Re: [RFC PATCH v1] mm/filemap: Allow arch to request folio size for exec memory

From: Ryan Roberts <ryan.roberts@arm.com>
To: Barry Song <21cnbao@gmail.com>, Matthew Wilcox <willy@infradead.org>
Cc: Catalin Marinas <catalin.marinas@arm.com>,
	Will Deacon <will@kernel.org>,
	Mark Rutland <mark.rutland@arm.com>,
	Andrew Morton <akpm@linux-foundation.org>,
	David Hildenbrand <david@redhat.com>,
	John Hubbard <jhubbard@nvidia.com>,
	linux-arm-kernel@lists.infradead.org,
	linux-kernel@vger.kernel.org, linux-fsdevel@vger.kernel.org,
	linux-mm@kvack.org
Subject: Re: [RFC PATCH v1] mm/filemap: Allow arch to request folio size for exec memory
Date: Mon, 15 Jan 2024 09:33:35 +0000	[thread overview]
Message-ID: <398fdb16-b8c5-4d02-bb5d-d4c9b8f9bf89@arm.com> (raw)
In-Reply-To: <CAGsJ_4wZzjprAs42LMw8s8C_iz4v7m6fiO7-7nBS2BxkU9u8QA@mail.gmail.com>

On 13/01/2024 00:11, Barry Song wrote:
> On Sat, Jan 13, 2024 at 12:04 PM Matthew Wilcox <willy@infradead.org> wrote:
>>
>> On Sat, Jan 13, 2024 at 11:54:23AM +1300, Barry Song wrote:
>>>>> Perhaps an alternative would be to double ra->size and set ra->async_size to
>>>>> (ra->size / 2)?

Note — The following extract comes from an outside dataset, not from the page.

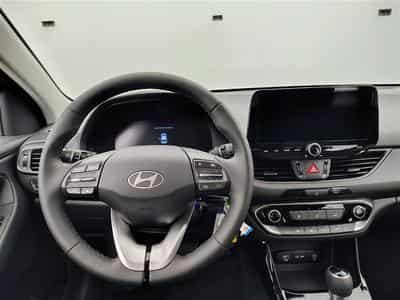 Hyundai i30 Combi 1.0 T-GDi DCT Twist NAVI / FULL LED / CAMERA (2026) - Foto 9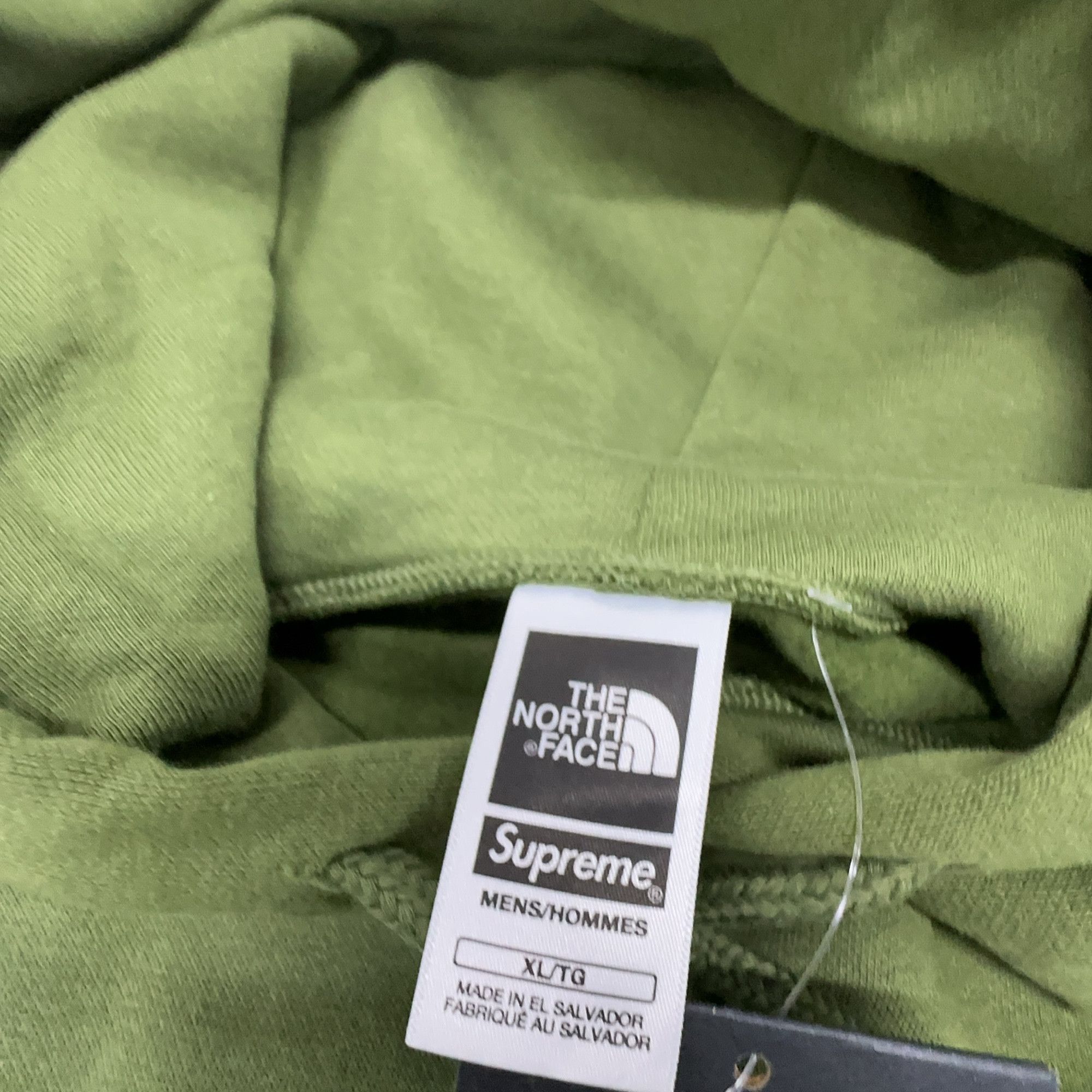 Supreme Supreme x The North Face Logo Patch Hoodie Size XL Size US XL / EU 56 / 4 - 3 Thumbnail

That would ensure we always have 64K aligned blocks but would
>>>>> give us an async portion so readahead can still happen.
>>>>
>>>> this might be worth to try as PMD is exactly doing this because async
>>>> can decrease
>>>> the latency of subsequent page faults.
>>>>
>>>> #ifdef CONFIG_TRANSPARENT_HUGEPAGE
>>>>         /* Use the readahead code, even if readahead is disabled */
>>>>         if (vm_flags & VM_HUGEPAGE) {
>>>>                 fpin = maybe_unlock_mmap_for_io(vmf, fpin);
>>>>                 ractl._index &= ~((unsigned long)HPAGE_PMD_NR - 1);
>>>>                 ra->size = HPAGE_PMD_NR;
>>>>                 /*
>>>>                  * Fetch two PMD folios, so we get the chance to actually
>>>>                  * readahead, unless we've been told not to.
>>>>                  */
>>>>                 if (!(vm_flags & VM_RAND_READ))
>>>>                         ra->size *= 2;
>>>>                 ra->async_size = HPAGE_PMD_NR;
>>>>                 page_cache_ra_order(&ractl, ra, HPAGE_PMD_ORDER);
>>>>                 return fpin;
>>>>         }
>>>> #endif
>>>>
>>>
>>> BTW, rather than simply always reading backwards,  we did something very
>>> "ugly" to simulate "read-around" for CONT-PTE exec before[1]
>>>
>>> if page faults happen in the first half of cont-pte, we read this 64KiB
>>> and its previous 64KiB. otherwise, we read it and its next 64KiB.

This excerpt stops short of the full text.